3. Verweerder heeft zich in het bestreden besluit III op het standpunt gesteld dat de herziene definitieve berekening kinderopvangtoeslag 2015 met dagtekening 10 januari 2018 (het bestreden besluit II) tot een onjuiste, te lage vaststelling heeft geleid.
Het door eiseres in 2015 gewerkte aantal uren bij Helloflex en Soza Xpert B.V. bedraagt 882. De arbeid voor Helloflex is per 21 september 2015 beëindigd.

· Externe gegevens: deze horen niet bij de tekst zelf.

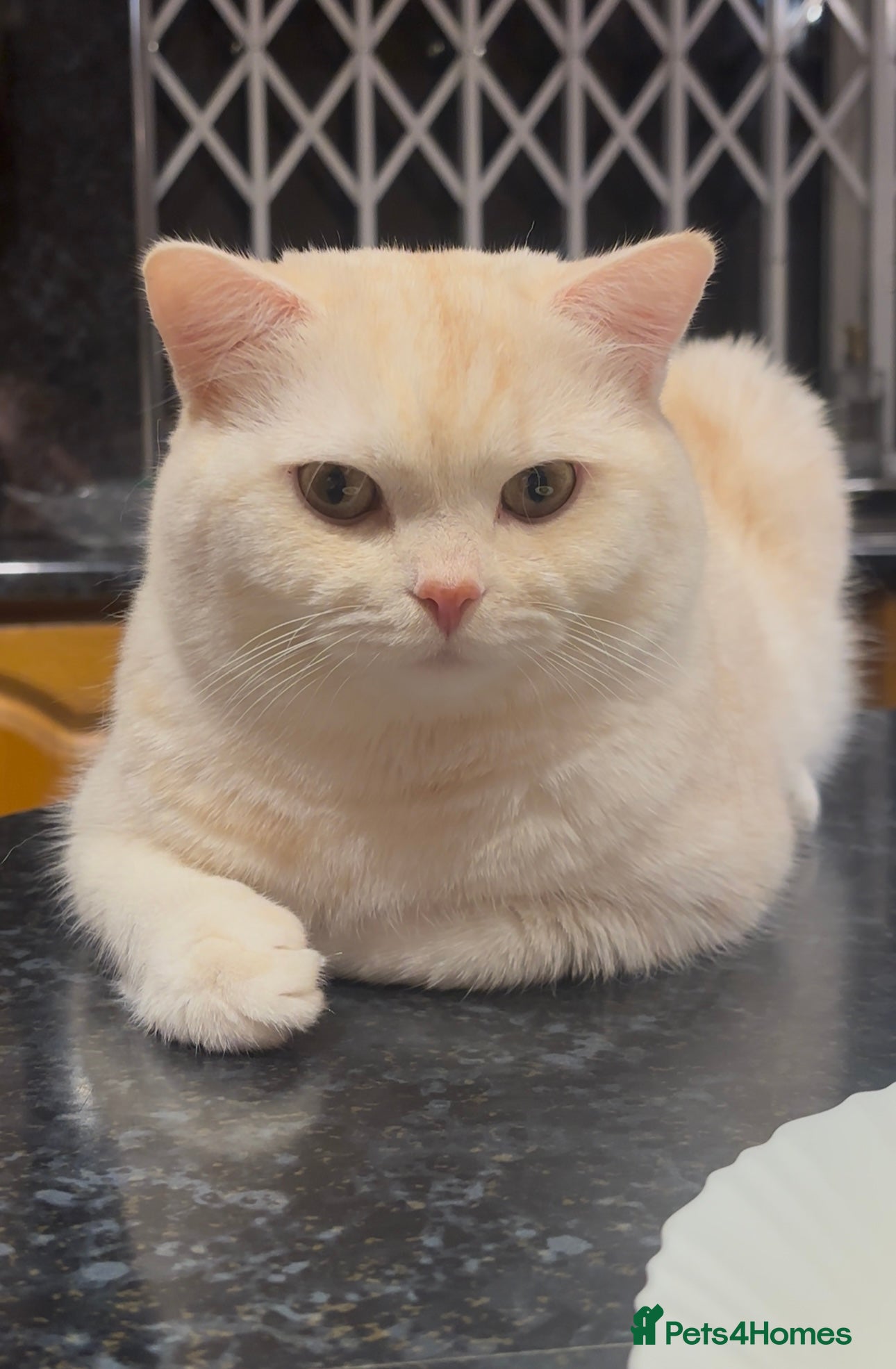 British Shorthair cats BRITISH SHORTHAIR MALE - Advert 1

Op grond van artikel 1.6, zevende lid, van de Wet kinderopvang en kwaliteitseisen peuterspeelzalen (Wkkp) behoudt eiseres in 2015 vanaf het moment van werkloos worden gedurende zes maanden aanspraak op kinderopvangtoeslag. Het aantal uren op basis waarvan de kinderopvangtoeslag gedurende zes maanden doorloopt wordt vastgesteld op basis van het aantal gewerkte uren in de maand voorafgaand aan de werkloosheid. Omdat eiseres in de maand voorafgaand aan de werkloosheid minder heeft gewerkt, is ervoor gekozen om het gemiddelde van de laatste drie maanden te nemen. Dit komt voor de periode van 6 maanden vanaf 21 september 2015 neer op 105,67 uren per maand. Voor 2015 komt het totaal aantal gewerkte uren uit op 1.086,75. Voor [naam 2] komen 1.521,45 uren voor kinderopvangtoeslag in aanmerking; voor [naam 1] zijn dit 1.429,03 uren. Met inachtneming van de maximum uurtarieven voor dagopvang en buitenschoolse opvang en van de toetsingsinkomens van eiseres en haar partner, bedraagt de kinderopvangtoeslag voor 2015 in totaal € 12.223,22.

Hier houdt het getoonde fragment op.